TAIPEI (Taiwan News) — US military action against Iran gives China more room to pursue its ambitions toward Taiwan, analysts have said.
Washington’s unilateral missile strikes on Iran could make it easier for Beijing to rationalize any future aggression against Taiwan, analysts said, per the Financial Times.
Though Chinese state media has criticized the war with Iran, Beijing has not directly targeted Trump. Chinese leader Xi Jinping may not want to alienate the president, analysts said. Xi may see Trump as easier to pressure into cutting support for Taiwan or reducing weapons sales. They added that Xi is eager to maintain communication and uphold a bilateral trade truce.
Meanwhile, Beijing recognizes the significance of the US and Israel’s air superiority and ability to eliminate Iranian leaders, according to the analysts. The redeployment of US forces, including Marines from the 31st Marine Expeditionary Unit based in Japan and components of some Terminal High Altitude Area Defense systems in South Korea, to the Middle East has reduced the American presence in the Indo-Pacific.
China can also use this opportunity to boost its global standing, said the analysts quoted.

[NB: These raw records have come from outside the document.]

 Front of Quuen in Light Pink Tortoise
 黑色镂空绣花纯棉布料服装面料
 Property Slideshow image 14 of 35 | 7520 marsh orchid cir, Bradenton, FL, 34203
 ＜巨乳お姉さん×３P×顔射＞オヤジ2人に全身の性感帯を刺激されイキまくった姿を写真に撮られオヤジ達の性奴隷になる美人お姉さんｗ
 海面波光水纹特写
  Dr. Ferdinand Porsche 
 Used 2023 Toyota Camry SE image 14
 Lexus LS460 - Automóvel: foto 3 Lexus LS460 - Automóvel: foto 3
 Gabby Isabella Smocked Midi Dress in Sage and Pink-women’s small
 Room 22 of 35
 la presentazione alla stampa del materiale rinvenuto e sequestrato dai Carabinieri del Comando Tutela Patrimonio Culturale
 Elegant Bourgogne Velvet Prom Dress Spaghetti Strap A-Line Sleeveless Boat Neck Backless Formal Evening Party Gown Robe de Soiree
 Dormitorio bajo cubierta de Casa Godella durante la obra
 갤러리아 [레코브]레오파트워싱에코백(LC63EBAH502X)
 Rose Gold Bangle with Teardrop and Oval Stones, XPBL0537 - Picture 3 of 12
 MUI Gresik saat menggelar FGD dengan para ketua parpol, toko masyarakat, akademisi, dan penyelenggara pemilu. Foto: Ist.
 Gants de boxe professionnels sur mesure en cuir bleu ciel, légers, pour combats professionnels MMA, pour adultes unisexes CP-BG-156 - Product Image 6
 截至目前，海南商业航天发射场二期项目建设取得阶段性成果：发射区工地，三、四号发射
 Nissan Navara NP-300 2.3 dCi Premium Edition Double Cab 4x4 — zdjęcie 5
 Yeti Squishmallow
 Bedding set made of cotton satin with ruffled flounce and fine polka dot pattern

It can present itself as a stable global power in contrast to an erratic US.
“Now with the war in Iran dragging on and the US so distracted . . . this is a very good opportunity [for China],” said Yun Sun, senior fellow and director of the Stimson Center’s China program.
China’s relations with Iran have frayed over the years, the Financial Times said. Xi delayed offering public condolences after Iran’s supreme leader, Ali Khamenei, was killed at the outset of the war. Only a junior vice minister was sent to the Iranian embassy in Beijing nearly a week later.
“Iran often describes the relationship as being in the same trench, opposing hegemony and unilateralism,” said Li Rui, a reporter with Chinese-state-media outlet Phoenix Television, during an Iranian foreign ministry conference in December. “But what China cares more about is controllable risk, calculable returns and a co-operative environment.”
Gedaliah Afterman, a China expert at the Abba Eban Institute for Diplomacy and Foreign Relations in Israel, said the Iran war “gives China more leverage in its negotiation with Washington more generally.” He said China could offer to procure more US oil instead of Iranian oil.
“Whether China wins or loses in the ongoing conflict in the Middle East will be down to whether the war ends quickly,” said James Char, a China expert at the S. Rajaratnam School of International Studies in Singapore. If the war continues, the US “being tied down away from the Indo-Pacific” means its “posture in this part of the world has been weakened,” Char added.